● **PROVIDED DATA**:
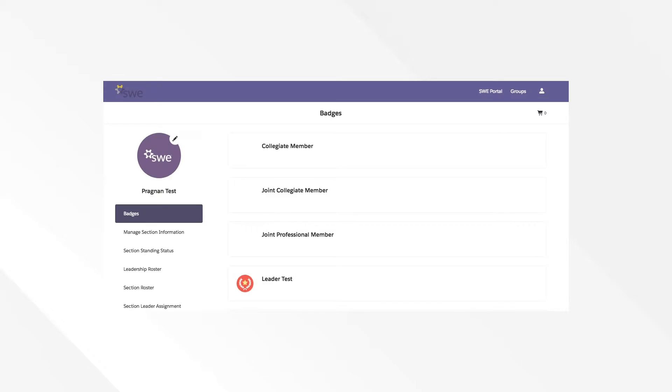Please be patient as pages will take a moment or two to load. Once loaded, the default page you will land on in the leadership portal shows your current leadership badges as they pertain to Section Leadership Only or Affiliate Leadership Only, in addition to your current SWE membership badge.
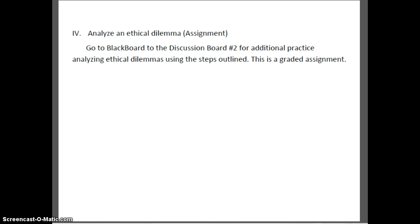Now, in step four of this lecture, what I want you to do is analyze an ethical dilemma. This will be placed in Blackboard for your discussion number two to give you some additional practice. This is a graded assignment.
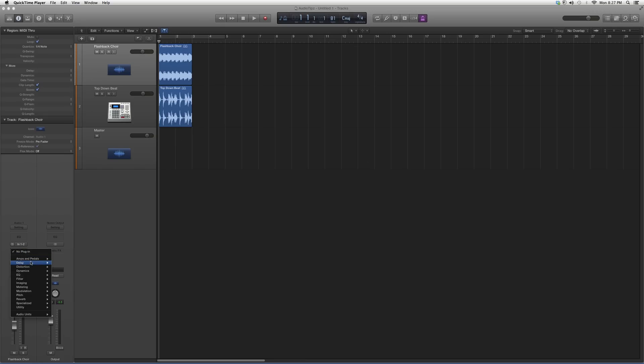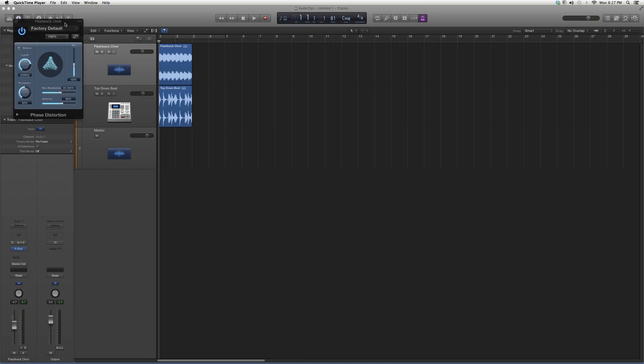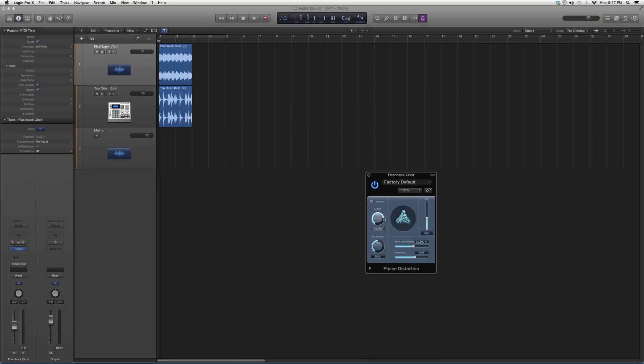For right now we're going to go to Audio Effects, go down to Distortion, go down to Phase Distortion, open it up and it's going to look a little something like this.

● **WORK TASK**: Print the complete listing exactly as it stands, without its pictures.

● **REPLY**:
Please be patient as pages will take a moment or two to load. Once loaded, the default page you will land on in the leadership portal shows your current leadership badges as they pertain to Section Leadership Only or Affiliate Leadership Only, in addition to your current SWE membership badge.
Now, in step four of this lecture, what I want you to do is analyze an ethical dilemma. This will be placed in Blackboard for your discussion number two to give you some additional practice. This is a graded assignment.
For right now we're going to go to Audio Effects, go down to Distortion, go down to Phase Distortion, open it up and it's going to look a little something like this.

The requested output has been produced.